▸ **Task requirements**
From the first line of the records below, transcribe each line exactly up to and including the one with "The second video"; pictures stay out.

### Given records

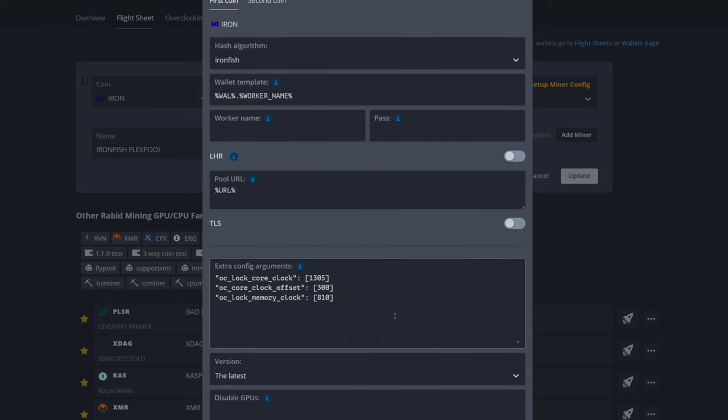Here's the overclock settings in HiveOS. If you watched the Windows guide, you can see a few things different here. We have quotation marks and brackets around our overclock settings. This is a little different than Windows but this is more of the Linux format you have to use. Regardless, we got the exact same parameters in: here's our locked core clock 1305, here's our core clock offset to drop the voltage down a bit, 300, and our memory lock of 810. Again, I will have these down in the description as well so you can just copy and paste it in.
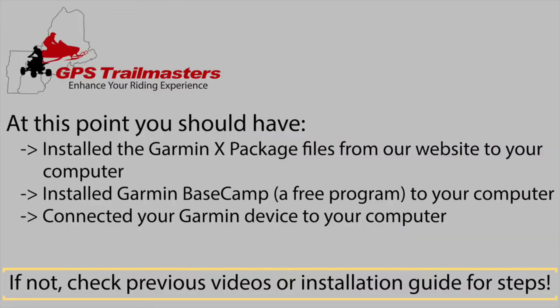At this point, you should have installed the Garmin XPackage files to your computer, installed Garmin Basecamp, because on Windows, MapInstall is integrated into Basecamp, and connected your Garmin device to your computer.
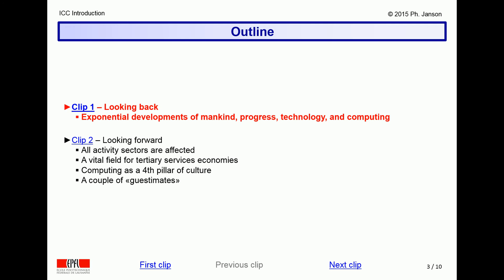The second video clip of this introductory lesson will suggest how information and computing technologies have penetrated all sectors of human activity, are particularly important to the tertiary services economy of our post-industrial societies, and have become as essential as literacy and accounting in any profession, from agriculture to engineering, commerce, government, etc. It will conclude by sketching a couple of the most recent emerging trends in information and computing technologies.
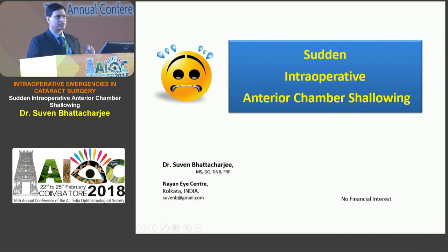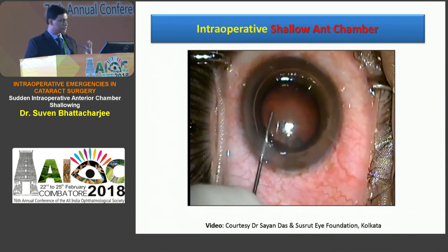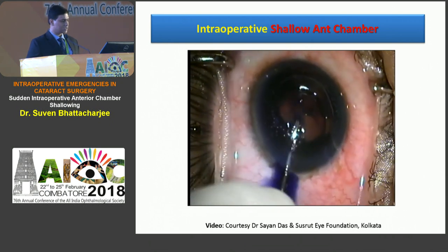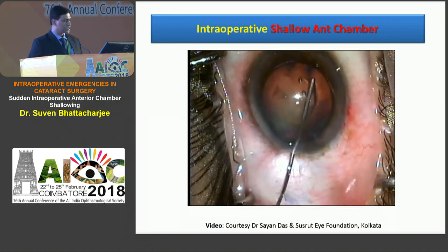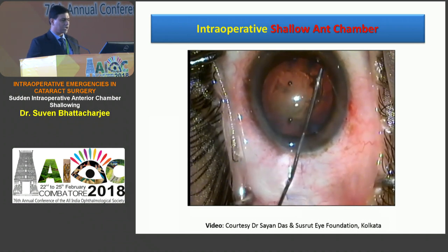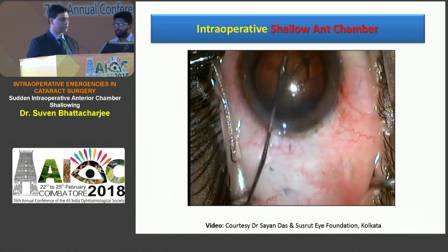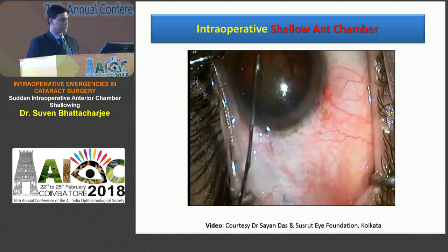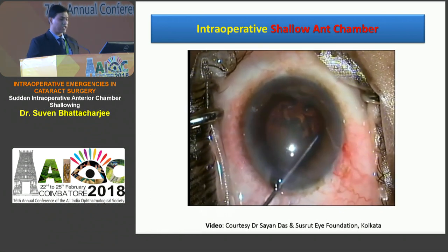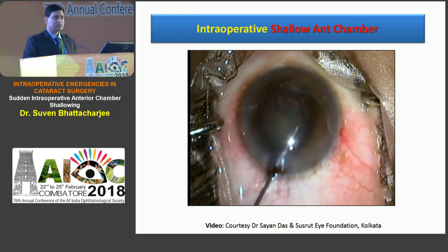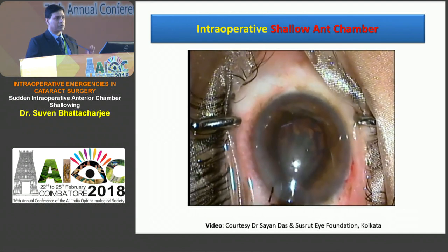Let me walk you through a case being done by a trainee surgeon. There was a supervising surgeon also, but let's see the sequence of events. This is a fairly nice anterior chamber — that's how the case started. After the viscoelastic, the anterior chamber is fairly well-formed. Now during hydrodissection, the surgeon is struggling — the anterior chamber is shallow. He's trying to push it back but very little fluid is coming out. It's getting difficult. Another attempt at hydrodissection, and the iris prolapses — this is an ominous sign. The anterior chamber is shallow and we are in for trouble.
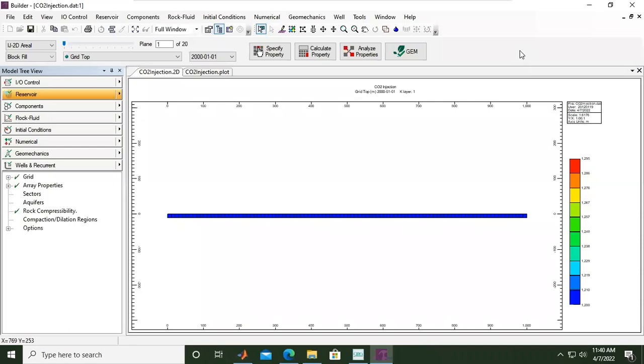Hello everyone, welcome again to the Engman YouTube channel. In this video, we will continue our learning of CO2 storage modeling and simulation using CMG software. It's a very important and interesting case, and CMG is very powerful to do this job.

######

▸ **Response to the task**
Here's the overclock settings in HiveOS. If you watched the Windows guide, you can see a few things different here. We have quotation marks and brackets around our overclock settings. This is a little different than Windows but this is more of the Linux format you have to use. Regardless, we got the exact same parameters in: here's our locked core clock 1305, here's our core clock offset to drop the voltage down a bit, 300, and our memory lock of 810. Again, I will have these down in the description as well so you can just copy and paste it in.
At this point, you should have installed the Garmin XPackage files to your computer, installed Garmin Basecamp, because on Windows, MapInstall is integrated into Basecamp, and connected your Garmin device to your computer.
The second video clip of this introductory lesson will suggest how information and computing technologies have penetrated all sectors of human activity, are particularly important to the tertiary services economy of our post-industrial societies, and have become as essential as literacy and accounting in any profession, from agriculture to engineering, commerce, government, etc. It will conclude by sketching a couple of the most recent emerging trends in information and computing technologies.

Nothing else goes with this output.